Да, нам, участникам боев у реки Халхин-Гол, в последующие годы не раз приходилось вступать в борьбу за честь и независимость Родины. Хочу сразу сказать, что мне, например, закалка, полученная в боях с японскими милитаристами, очень пригодилась в грядущих боях с врагом.

Глава седьмая Мирные дни

Я вернулся в Монголию в тот период, когда боевые действия на Халхин-Голе закончились. В штабе группы объявили приказ о моем назначении командиром 82-й мотострелковой дивизии, которая незадолго до того была передислоцирована в город Баин-Тумен. Назначение, конечно, было неожиданным. С волнением и тревогой выехал я к новому месту службы. Беспокоило, как встретят будущие подчиненные, как пойдут дела.

Работу начал со знакомства с людьми, с частями и подразделениями соединения, прежде всего объехал все три мотострелковых полка, побывал и в обоих артиллерийских, в разведывательном батальоне.

Поразила теснота, в которой размещался личный состав. Красноармейцы жили в больших землянках, в которых были установлены четырехъярусные нары.

Сразу отметил: нужно строить военные городки, в качестве строительного материала можно использовать камни и глину — горы рядом, — а вот лес придется возить за 200 километров.

Порадовало то, что, несмотря на тяжелейшие условия жизни и быта — да они и понятны: прежде здесь размещалась мотобронебригада, значительно уступающая по. численности, — части и подразделения дивизии занимались боевой подготовкой с полным напряжением. Впрочем, результаты ее я решил проверить незамедлительно, ибо обстановка по-прежнему оставалась крайне сложной и напряженной к необходимо было поддерживать наивысшую боеготовность, чтобы незамедлительно дать отпор всем попыткам японцев взять реванш за поражение, если они вдруг решатся их предпринять.

Приятно было встретить в должности командира одного из полков бывшего комбата 24-го мотострелкового Героя Советского Союза майора Н. Н. Зайюльева. Этот исключительно храбрый, решительный и грамотный командир уверенно руководил батальоном, и тогда уже чувствовалось, что достигнутое для него не предел, — он пойдет выше. И вот передо мной командир мотострелкового полка…

Мы вспомнили с ним боевых товарищей, родной 24-й мотострелковый полк, я поинтересовался текущими делами, боеготовностью подразделений, размещением людей в полку. Организованность и порядок в части, которой командовал Н. Н. Зайюльев, заметно отличались в лучшую сторону, и я не мог не порадоваться успехам бывшего своего комбата и, можно сказать, воспитанника.

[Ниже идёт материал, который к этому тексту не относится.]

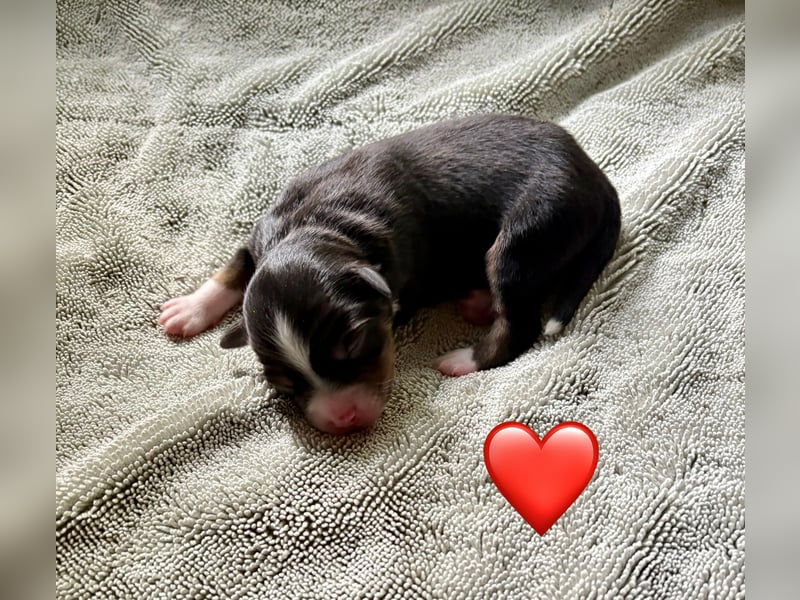Mini/Miniature Australian Shepherd Welpen mit Papiere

Дела я принял быстро и уже через несколько дней после вступления в должность приступил к проверке боеготовности и боеспособности частей и подразделений.

Подняв полки по тревоге, я поставил задачу совершить многокилометровый марш и сосредоточиться в указанном районе. Марш приказал совершить в пешем порядке. И что же… Уже на первых десяти километрах колонны подразделений растянулись и, мало того, поредели.

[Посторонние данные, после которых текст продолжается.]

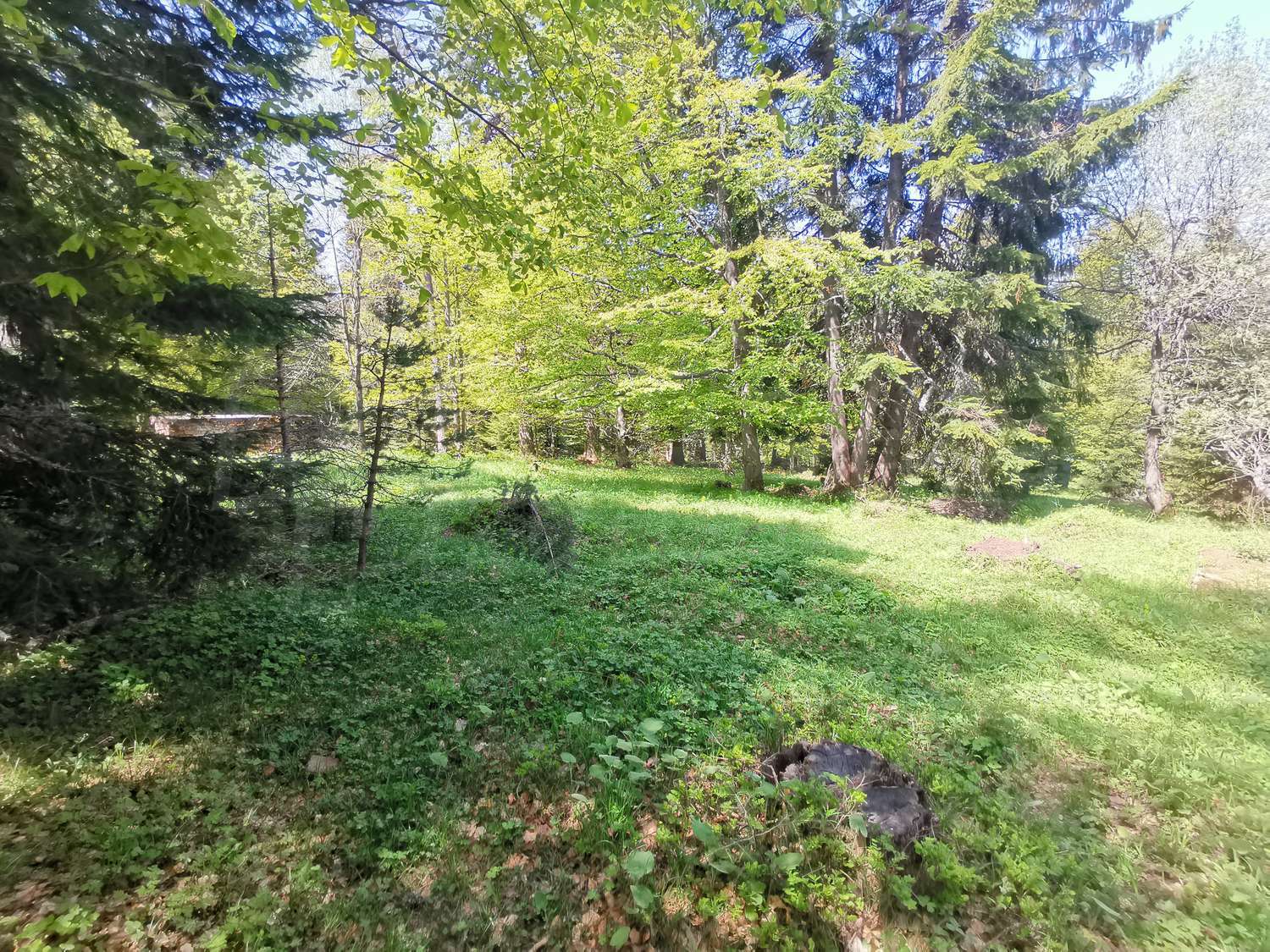 outside, green area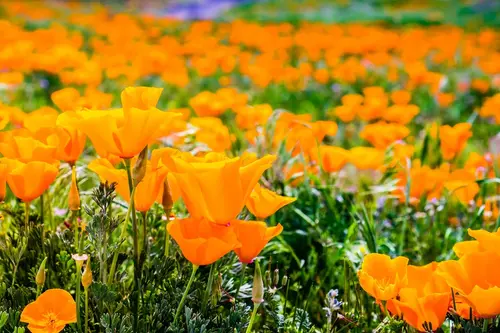 close-up-of-california-poppies-field-2023-11-27-05-08-14-utc-2-2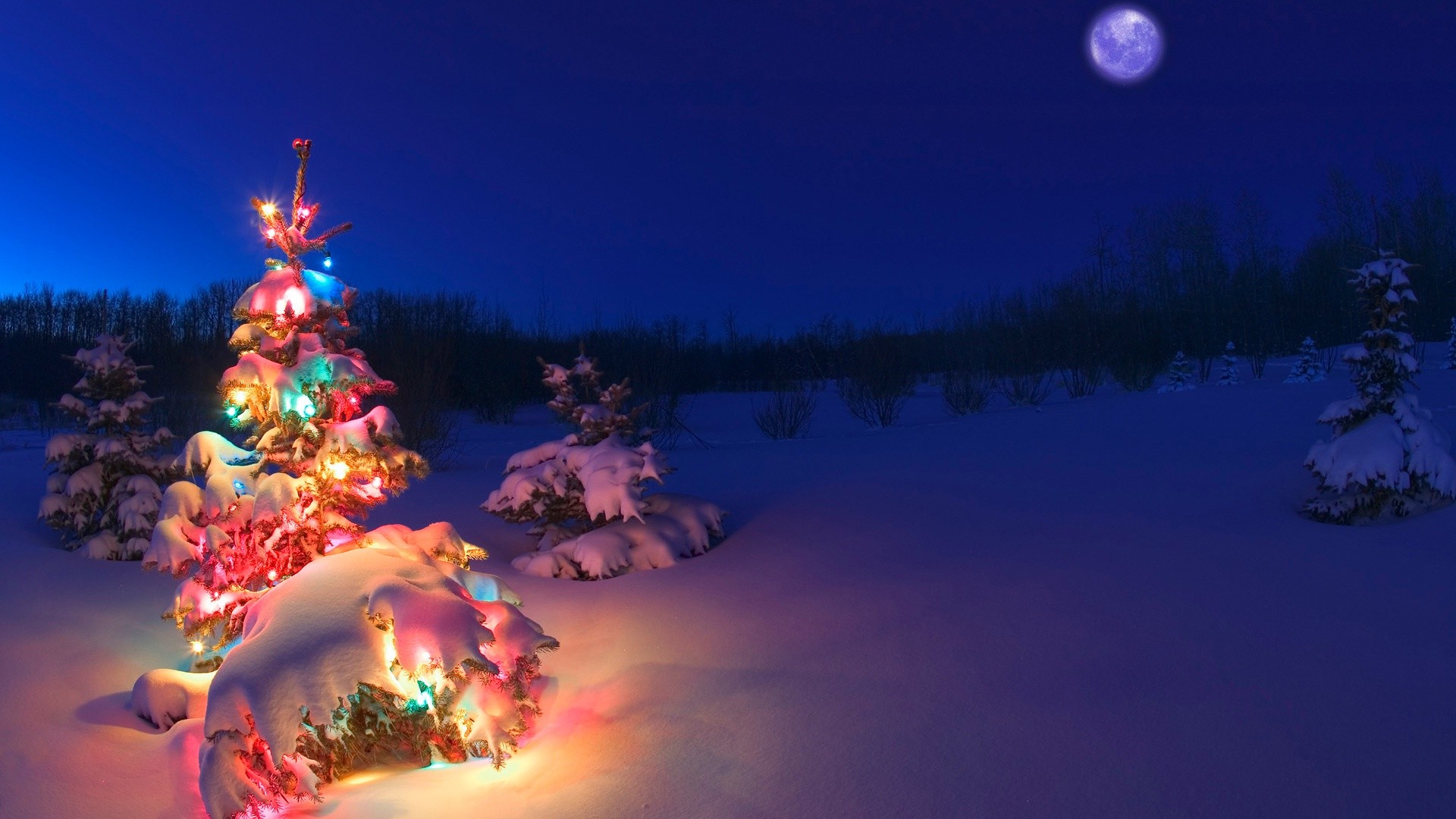 Christmas Tree, Snow, Christmas Lights Wallpaper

Стал выяснять, в чем же дело. Мне объяснили, что в дивизию пришло совсем недавно большое пополнение. Новички, конечно, не имели хорошей физической подготовки. Мне было это понятно, и все же я поинтересовался, почему с первых же дней командиры частей не приступили к сколачиванию, к тренировкам личного состава.

Оказалось, что некоторые командиры посчитали, что времена маршей, проводимых в пешем порядке, теперь отошли в прошлое. Зачем тренировать людей, когда есть автомашины, которые доставят подразделения в любой район и в более короткие сроки. Это было конечно же заблуждением. Даже спустя много лет после Великой Отечественной войны маршевая подготовка войск не потеряла своего значения, хотя уровень моторизации частей и соединений вырос неизмеримо. Тренировать бойцов и командиров в совершении длительных маршей и стремительных марш-бросков необходимо всегда, ибо в период боевых действий могут сложиться и такие обстоятельства, при которых использование техники станет невозможным.

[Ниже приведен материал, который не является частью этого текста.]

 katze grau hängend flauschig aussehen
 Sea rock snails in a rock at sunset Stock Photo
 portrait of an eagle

Что же касается тех предвоенных лет, когда только начинали создаваться мотострелковые части и соединения, то и говорить нечего. Ни для кого не секрет, сколько пришлось пройти по дорогам Великой Отечественной нашим пехотинцам.

Убедившись в слабой подготовленности людей к совершению маршей, я собрал командиров на совещание и поставил им четкие и определенные задачи по устранению столь серьезного недостатка.

А решил я сделать следующее. Военный городок находился на берегу реки Керулен, а на противоположном берегу были наши учебные поля и стрельбища для каждого полка. Расстояние до них было около 3 километров. Учебными полями и стрельбищами мы пользовались почти каждый день. Вот я и приказал ходить туда только пешком, ни в коем случае не пользоваться автомашинами.

— Прошу учесть, — сказал я командирам полков, — когда идете туда — время ваше, а на обратном пути — время командира дивизии. Причем люди должны иметь на обратном пути положенное им снаряжение в вооружение. Одним словом, полную выкладку.

Так и поступили. По пути на учебные поля и на стрельбище командиры полков сами тренировали личный состав.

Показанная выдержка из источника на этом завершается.